_AIM OF THE TASK_. Output all of the records word for word and drop the images.
ENTRIES SUPPLIED section start
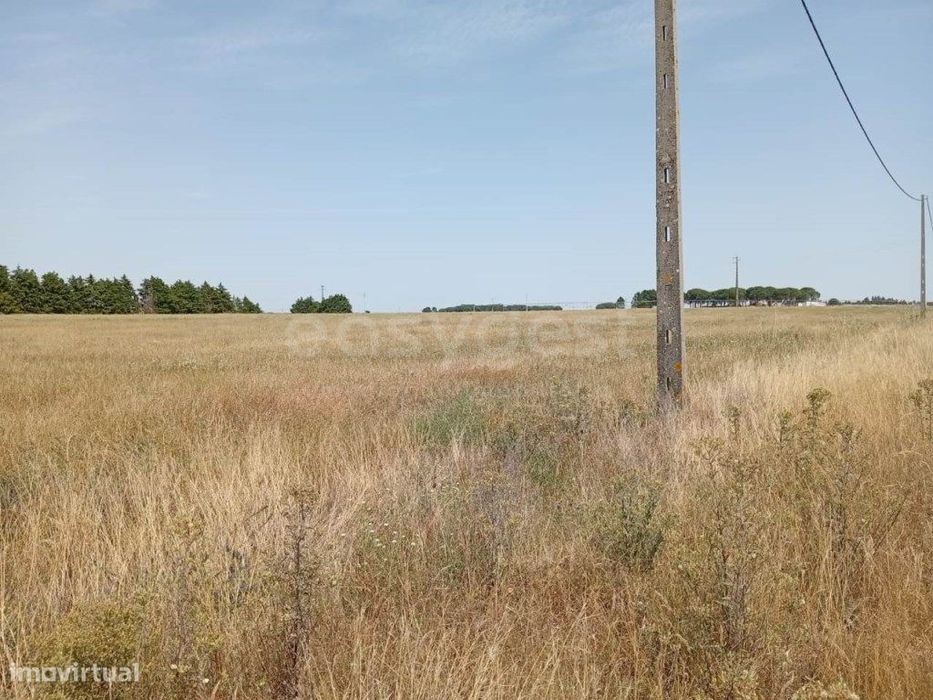 Terreno Rústico com Armazém Agrícola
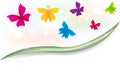 Butterflies garden cover logo template vector image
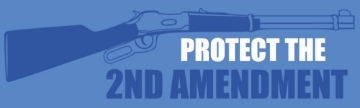 Picture of Gun Rights 13044229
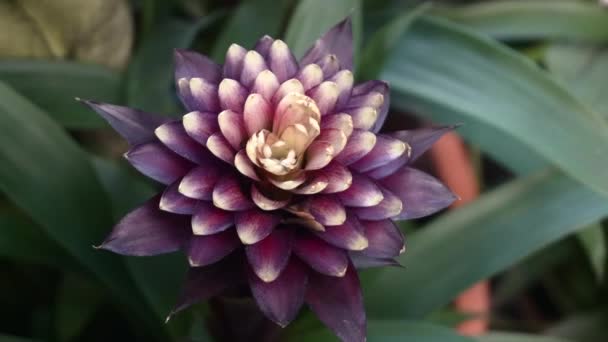 Fleur tropicale dans la jungle. bourgeon en fleurs de fleur rouge exotique dans la forêt tropicale. Plantes exotiques — Video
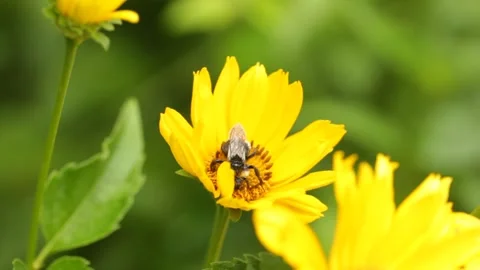 Closeup macro bee polinates the blossom flower during the day Stock Footage 213995181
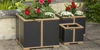 AURA OCCASIONAL PLANTER 50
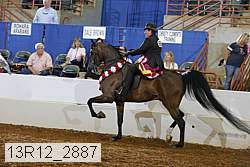 13r12_2887 proof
ENTRIES SUPPLIED section end
_EXPECTED OUTPUT_.
 Terreno Rústico com Armazém Agrícola
 Butterflies garden cover logo template vector image
 Picture of Gun Rights 13044229
 Fleur tropicale dans la jungle. bourgeon en fleurs de fleur rouge exotique dans la forêt tropicale. Plantes exotiques — Video
 Closeup macro bee polinates the blossom flower during the day Stock Footage 213995181
 AURA OCCASIONAL PLANTER 50
 13r12_2887 proof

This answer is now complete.